So what that means is first, the first dimension is the batch dimension. The second dimension is the
channel dimension. The third dimension is the height dimension. And the fourth dimension is the width
dimension. So if you imagine, if you want to imagine what this looks like in memory, for a moment, let’s
forget the batch dimension, the channel dimension comes first. And when the channel dimension comes first,
or is the so called outermost dimension, that’s the thing that changes least frequently when you are
going through the actual linearization in order. So just to like, you know, go back to the example,
right, so you’re going to have a red and a green and a blue channel. So what is the image going to look
like in memory if you have a CHW and CHW layout? Well, first, you’re going to see all the reds are
right, like all the red pixel values, you know, for each row going going down on your tensor.
And then you’re going to see all the greens, green, green, green, green, right, for once again, the rows
going down the image, and then you’re gonna see the blues, right. So what you can imagine in memory is you’ve
got this region for red region for green and region for blue. And why is it like that? Well, that’s because the
channel is first. So it is the thing that changes least frequently. Of course, there’s another layout that is
commonly used. And that layout is called NHWC. So instead of channels being first, channels are last.
And so in this particular case, right, because the channels are the innermost dimension, it’s the
the thing that changes the most frequently. So in fact, if I looked in memory, what I’d see is RGB,
RGB, RGB, RGB. So like, you know, every time I’m, you know, handling a pixel, I’m going to put down all the
values for each of the channels before moving on to the next pixel. So it looks like, you know, an actual like
what an actual like, you know, LED screen would actually look like in this situation. And of course, which of
these are better? Well, once again, it comes down to the algorithms. But it turns out that in, you know, some
convolution algorithms, they’re just more efficiently implemented in NHWC. So that’s like sort of what a lot of
people want to be able to use channels last layout to make their code run faster because of these special
kernels. So we could just stop here and say, Okay, well, Ed, you know, I great, I know what NCHW is, and I
know what NHWC is.
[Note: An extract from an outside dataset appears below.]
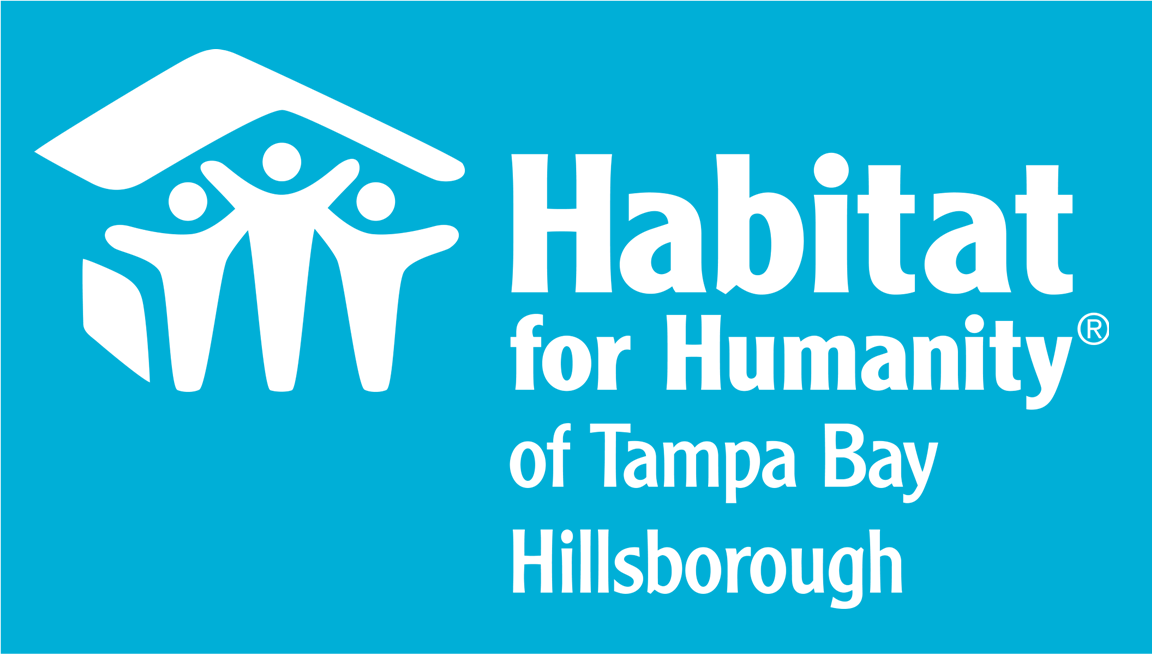 Habitat for Humanity of Tampa Bay Hillsborough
So now, you know, whenever I get an image tensor, I just need to know if it’s one of these or the
other and aren’t I done. And that is okay. But, um, you know, when we wanted to add support for both of
these tensor types, we had a problem. And the problem we had was we didn’t want to actually force people to
keep track of, you know, what layout their tensors were, right? Like they could do this, and they were
doing this. But it was a pain in the ass to actually have to deal with this for all of our operators. Like
just think about convolution for a second, right? Convolution needs to know what we’re actually going
to, you know, do the convolution over with regards to the channels, and what we’re not going to do over.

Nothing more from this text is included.